My fundamental analysis of both companies in Portfolio Grader shows that KO and PEP each earn an overall grade of B right now. Both have strong earnings growth, fundamental strength and buying pressure.
In fact, the two companies are so evenly matched that you could have bought either company during just about any time period and would have fared about the same. For example, both stocks are up about 35% during the last year so there has been no real need to worry which one is the better bet.
So my answer to the big question of which one is the better buy right now is NEITHER.
While KO and PEP are up about 35% in the last year, the beverage company I would buy today is up 145%! Going forward the one beverage company that you should own is Dr. Pepper Snapple Group (DPS)
Dr. Pepper Snapple Group is the bottler and distributor of Dr. Pepper soda and Snapple drinks for North America. Serving Canada, Mexico and the U.S., the company (formerly Cadbury Schweppes Americas Beverages) offers a large portfolio of non-alcoholic beverages including flavored, carbonated soft drinks and non-carbonated soft drinks, along with ready-to-drink teas, juices, juice drinks and mixers. Among its brands are A&W Root Beer, Country Time, Hawaiian Punch, Mott’s, and Schweppes, as well as old favorites such as Verno’s and Squirt.

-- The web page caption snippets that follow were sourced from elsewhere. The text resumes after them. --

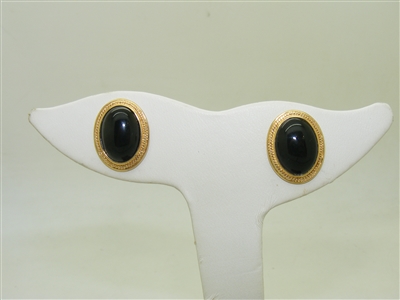 14k yellow gold Black Onyx Cabochon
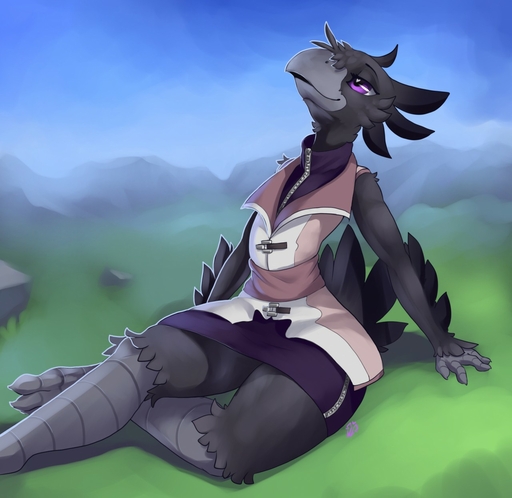 2016 <3 <3_eyes anthro avian beak biped bird_feet black_body black_feathers chocobo clothed clothing feathers female flat_chested grass grey_body grey_scales half-closed_eyes hi_res narrowed_eyes outside plant purple_eyes scales sitting sky smile solo video_games wide_hips zerolativity // 1280x1245 // 157.4KB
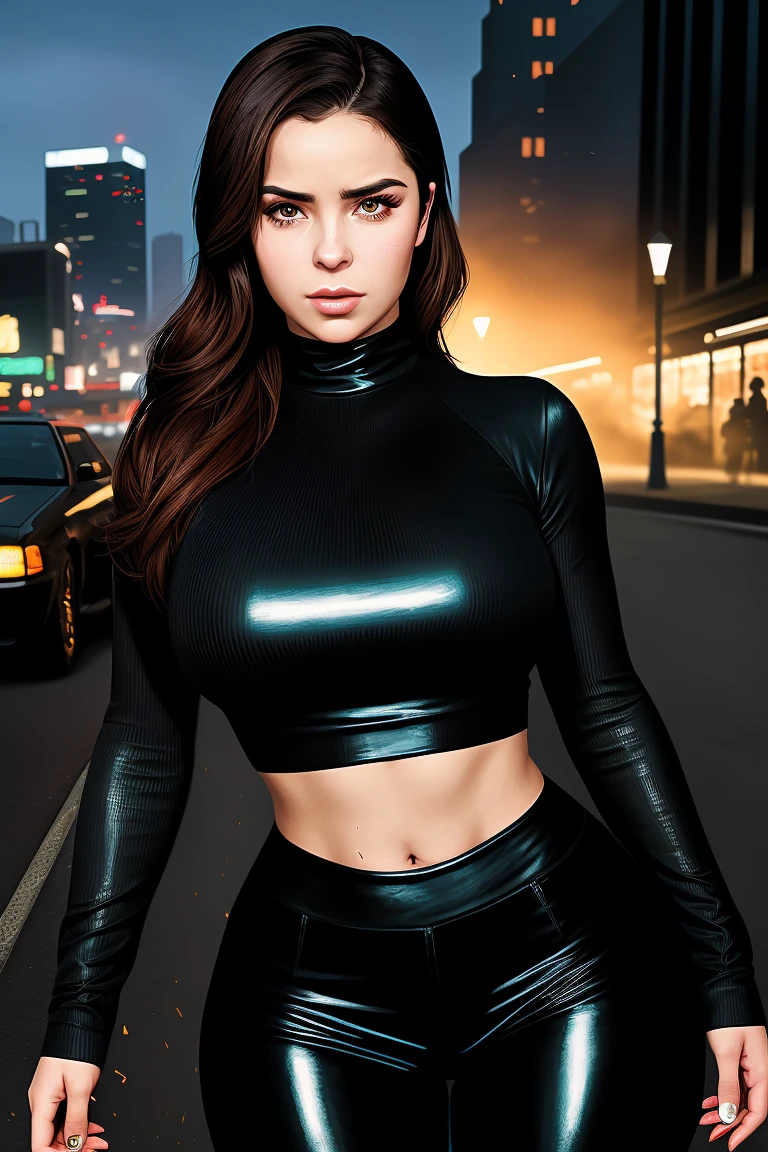 infographics photo of (dem1r0s3:0.95), a woman (as a gangster:1), (wearing turtleneck urban outfit), (long trousers), (urban park), ((GTA style:1.3)), (((comic cover font))), (((comic title:1.2))), atmospheric lighting, cinematic composition, concept art, digital illustration, detailed, art by bastien lecouffe-deharme and greg rutkowski and carne griffiths, natural light, 4K, highly detailed, cel shading, ((rotoscoping)), ((perfect eyes)), (detailed pupils), (((credits))), (((comic issue))), (Grand Theft Auto), (GTA style comic:1.2), large breasts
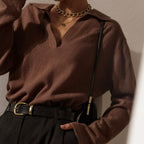 Kiara - Women's Fine Knit Polo Collar V-Neck Sweater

Dr. Pepper Snapple is the third-largest soda company in North America, after Coke and Pepsi, but this stock’s performance blows away its rivals. In the fourth quarter, the company’s earnings rose to $114 million, or 44 cents per share, compared with a loss of $621 million, or $2.44 per share, in same quarter a year ago, which included $1 billion in non-cash impairment charge. The analyst community was expecting earnings of 43 cents per share on sales of $1.36 billion, so the company’s earnings were 2.3% better than expected and its sales were in-line with analysts’ consensus estimate.
Looking forward, Dr. Pepper Snapple said it expects full year earnings of $2.27 per share to $2.35 per share, compared to analysts’ consensus estimates of $2.22 per share. The company also said its board of directors authorized the repurchase of an additional $800 million worth of the company’s stock.
The bottom line is that Coke and Pepsi will continue to battle it out and grab the headlines, but if you’re interested in owning the best beverage company out there, look no further than DPS.
As of this writing, Louis Navellier ownes shares of DPS in personal or client portfolios.